Studer Jean · Ständerat · 2002-09-23
Studer Jean · Ständerat · Neuenburg · Sozialdemokratische Fraktion · 2002-09-23
Wortprotokoll
Je suis d'accord avec M. Brändli, d'importants progrès ont été faits pour concrétiser dans cette loi sur l'égalité pour les handicapés le mandat inscrit à l'article 8 de la constitution. Mais je souligne tout d'abord que les débats parlementaires ne sont pas tout à fait terminés. Ensuite, et surtout, je précise que la commission a quand même apporté des restrictions assez importantes, je l'ai dit tout à l'heure, sur le point essentiel de la garantie d'accès aux bâtiments.
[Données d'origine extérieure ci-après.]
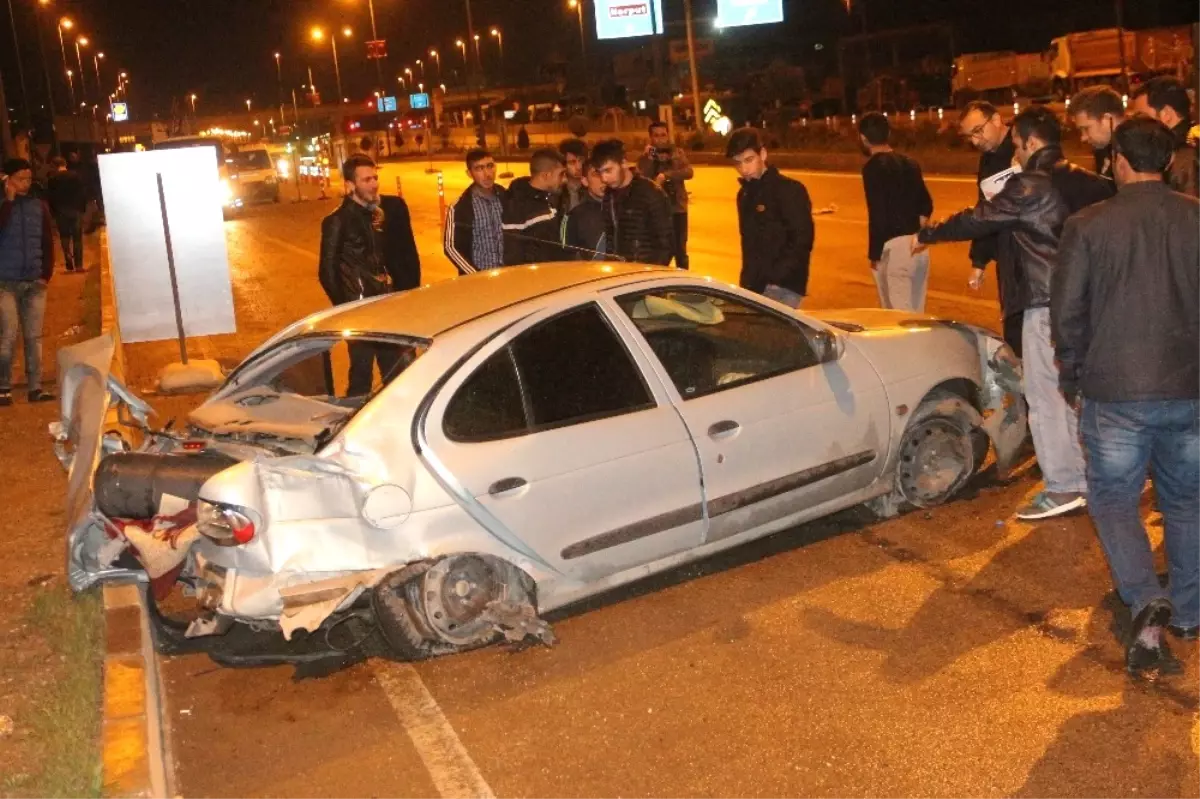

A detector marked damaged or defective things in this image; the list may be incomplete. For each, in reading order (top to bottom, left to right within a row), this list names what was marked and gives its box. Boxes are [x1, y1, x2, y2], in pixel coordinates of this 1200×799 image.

damaged car wheel [369, 554, 549, 657]
wrecked white car [56, 262, 1027, 667]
Cette garantie d'accès, c'est le corps central de l'initiative populaire qui en fait un droit constitutionnel pour quiconque subit une inégalité envers n'importe quelle construction, envers n'importe quelle installation, pour autant que la suppression de ladite inégalité ne soit pas économiquement insupportable.
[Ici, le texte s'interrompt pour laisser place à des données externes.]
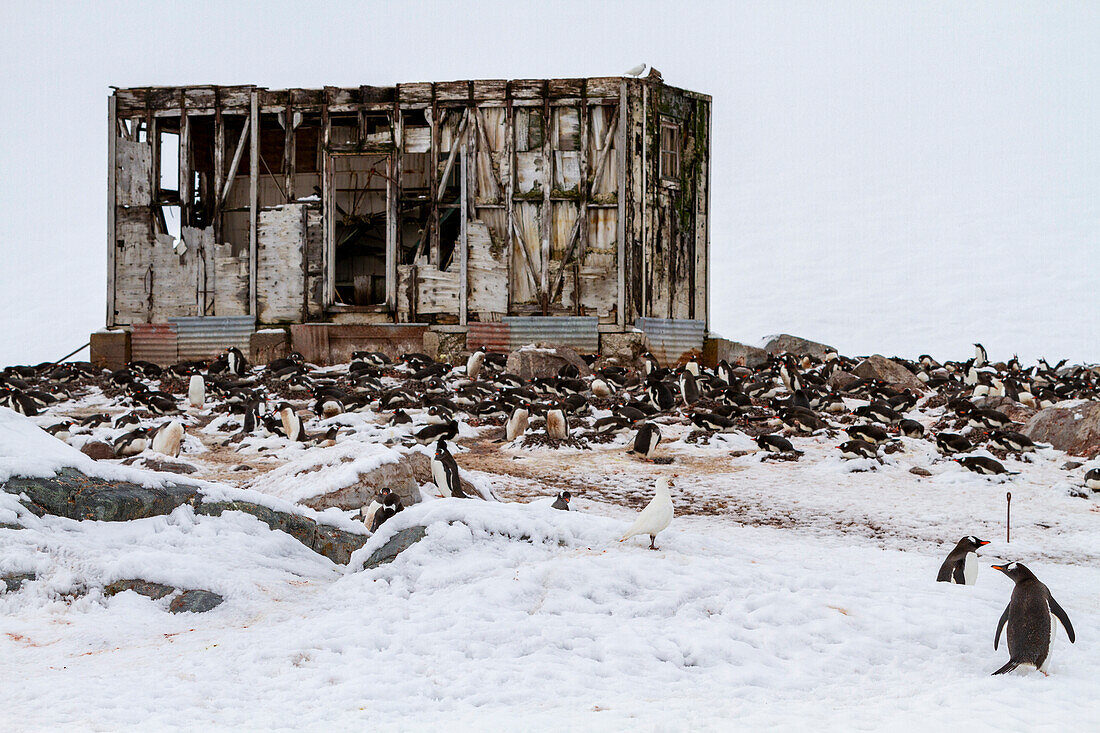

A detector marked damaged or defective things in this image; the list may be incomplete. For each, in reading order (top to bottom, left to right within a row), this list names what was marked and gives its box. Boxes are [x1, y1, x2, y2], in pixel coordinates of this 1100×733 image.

rusty corrugated metal siding [132, 321, 179, 363]
rusty corrugated metal siding [169, 314, 255, 360]
rusty corrugated metal siding [466, 321, 512, 352]
rusty corrugated metal siding [503, 314, 598, 352]
rusty corrugated metal siding [638, 316, 704, 367]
La commission a estimé qu'il fallait limiter les objets et la partie des objets concernés, c'est-à-dire limiter aux objets nouveaux, construits après l'entrée en vigueur de la loi, et aux parties accessibles de ces objets ou des rénovations nouvelles. Et puis, on vient de décider que, s'agissant de ce droit constitutionnel, il serait aussi limité dans le temps puisqu'en fait une personne handicapée n'aurait la possibilité de se plaindre d'une inégalité d'accès que pendant la procédure d'autorisation du permis de construire ou du permis de rénover. Là, il y a quand même une restriction assez importante par rapport aux buts de l'initiative populaire.
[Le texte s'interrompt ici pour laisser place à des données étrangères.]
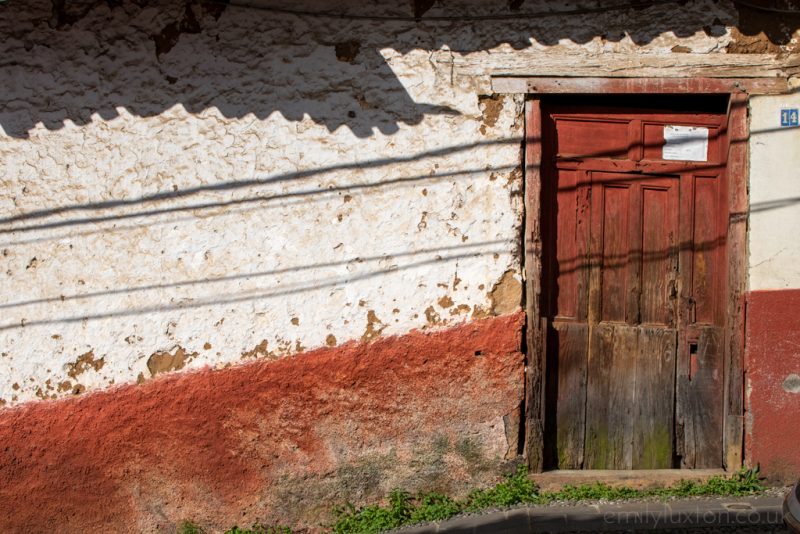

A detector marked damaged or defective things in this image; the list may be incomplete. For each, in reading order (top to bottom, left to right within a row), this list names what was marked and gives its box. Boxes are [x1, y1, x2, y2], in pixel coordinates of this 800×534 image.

cracked stucco wall [0, 0, 756, 406]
Personnellement, je suis d'avis que nous devrions faire encore quelques efforts sur cette question-là - on verra ce que décidera le Conseil national -, pour que ce projet de loi, dans le domaine central de l'accès aux bâtiments, aille bien dans le sens de ce que veulent les initiants.
Tant que cet effort n'est pas là, je vous propose de recommander au peuple et aux cantons d'accepter l'initiative.